20 outubro 2010

Moleskine

Livros. Acabei de ler, há algumas semanas, O Seminarista (Rubem Fonseca, Sextante Editora). Para aqueles que imaginam na obra uma continuação do meu beatério, cito a contracapa: Para o protagonista de O Seminarista, matar não causa remorso, mas também não causa prazer. É apenas o seu trabalho, que lhe permite dedicar-se àquilo que realmente ama: livros, filmes e mulheres. Quando decide que já é hora de abandonar a profissão, descobre que não é tão imune aos efeitos dos seus trabalhos e das suas escolhas como acredita ser. Li e gostei. A par de uma linguagem crua e gráfica há bastantes citações em latim. Para alguns, o fetiche é um fato de látex, para mim é o latim, se bem que não sejam usados nas mesmas circunstâncias.

Mineiros chilenos. All is well that ends well, diria Shakespeare, aqui citado para dar uma conotação intelectualmente estrangeira a este blogue.

Drama. Aproximo-me da televisão quando o locutor de serviço refere o estado dos gémeos siameses vindos de Angola e internados na Estefânia. Retenho o essencial (e cito de cor): à luz dos conhecimentos actuais da técnica, a separação é inviável. As crianças, que partilham o coração e o fígado, regressam proximamente a Angola, esperando que o futuro determine a sua sorte. Vejo a mãe, uma rapariga nova vencida pelo desânimo e pelo espanto, e o meu coração aperta-se num dó. Gostava de ser poeta, e imaginar que não há maior união do que a partilha de um coração único. Mas, de facto, só me ocorre a visão do drama adiado, a esperança de que nunca ninguém tenha de decidir quem parte, independentemente das probabilidades de sobrevivência.

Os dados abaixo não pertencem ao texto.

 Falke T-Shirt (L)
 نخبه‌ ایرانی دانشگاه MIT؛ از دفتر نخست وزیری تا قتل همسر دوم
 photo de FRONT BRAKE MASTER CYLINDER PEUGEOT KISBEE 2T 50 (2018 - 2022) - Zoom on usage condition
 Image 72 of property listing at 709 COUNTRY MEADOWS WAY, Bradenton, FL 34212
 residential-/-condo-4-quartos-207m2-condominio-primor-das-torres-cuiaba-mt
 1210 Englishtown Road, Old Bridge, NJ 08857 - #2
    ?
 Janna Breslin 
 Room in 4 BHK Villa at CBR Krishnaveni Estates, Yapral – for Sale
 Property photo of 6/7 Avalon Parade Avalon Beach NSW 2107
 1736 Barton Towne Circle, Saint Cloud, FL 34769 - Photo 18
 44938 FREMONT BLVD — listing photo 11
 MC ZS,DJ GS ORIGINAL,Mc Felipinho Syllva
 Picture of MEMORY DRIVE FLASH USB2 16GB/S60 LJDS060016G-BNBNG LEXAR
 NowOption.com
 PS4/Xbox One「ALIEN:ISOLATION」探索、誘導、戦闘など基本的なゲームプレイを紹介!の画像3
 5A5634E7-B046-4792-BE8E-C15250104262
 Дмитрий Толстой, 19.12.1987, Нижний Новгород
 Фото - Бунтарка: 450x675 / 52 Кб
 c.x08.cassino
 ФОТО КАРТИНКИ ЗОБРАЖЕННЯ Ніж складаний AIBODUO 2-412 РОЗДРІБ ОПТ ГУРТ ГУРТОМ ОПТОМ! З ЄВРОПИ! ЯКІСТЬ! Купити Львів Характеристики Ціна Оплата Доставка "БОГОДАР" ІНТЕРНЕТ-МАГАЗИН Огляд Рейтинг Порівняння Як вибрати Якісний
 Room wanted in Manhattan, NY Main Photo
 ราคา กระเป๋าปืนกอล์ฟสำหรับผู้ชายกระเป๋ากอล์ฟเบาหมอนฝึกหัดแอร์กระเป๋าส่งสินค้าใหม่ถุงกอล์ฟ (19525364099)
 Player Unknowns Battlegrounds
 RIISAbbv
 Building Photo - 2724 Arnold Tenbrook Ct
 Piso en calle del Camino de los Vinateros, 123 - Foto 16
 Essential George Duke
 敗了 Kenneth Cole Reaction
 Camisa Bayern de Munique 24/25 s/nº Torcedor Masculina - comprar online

Nasceram a 15 de Agosto, dia da Assunção de Nossa Senhora, e nada de palpável lhes parece valer.

Citação. Está-se só quando no espaço que se costuma percorrer não se corre o risco de encontrar ninguém. É a “fuga dos homens” no sentido material. Está-se só, também quando durante muito tempo não se entra em conversação verbal com ninguém. É a solidão do silêncio. Está-se só, enfim, tanto quanto o espírito no seu fundo mais íntimo não tem nenhum interlocutor, nenhuma companhia. É a solidão do coração. (...) A solidão como um sair de um lado para outro a fim de não encontrar ninguém; a solidão como um silêncio, um calar da dispersão para ouvir o essencial; e, finalmente, a solidão íntima ou profunda, na qual o espírito não possui qualquer interlocutor, que podemos chamar de solidão do coração, e corresponde ao acolhimento da experiência de Deus. [Emanuel Matos Silva, Solidão e Silêncio – Ritmos do encontro com Deus na espiritualidade cartusiana. Portefólio (Revista da Fundação Eugénio de Almeida), nº5].

Músicas. Basta fechar os olhos e imaginar o que passou pela cabeça de Grieg ao compor este segundo movimento do Concerto nº 1 para piano e orquestra. Hoje, recomendo os instantes 2'20'' e 3'11'', se bem que tudo o resto deva ser ouvido, porque obras como estas dão-nos a certeza da beleza, da bondade e do silêncio. Obras como estas restauram-nos a confiança no género humano quando tudo o resto à nossa volta o contradiz. Ingenuidade? Também por ela é que vamos.




JdB

1 comentário:

Ana LA disse...

Bom dia JdB.
Leio os seus salpicos e escrevo ao som da sua proposta musical de hoje.
A sugestão de leitura (chegou o piano, linnnnndoooo) não me entusiasma. O drama dos siameses faz-me lembrar a incapacidade de controlar a imperfeição do mundo e das coisas. A solidão assusta-me. Quando sinto necessidade de encontrar ninguém, prefiro pensar que estou em grupo - me, myself and I.
Finalmente a música,
boa malha.
Thanks e desculpe porque este comentariozito é quase um post.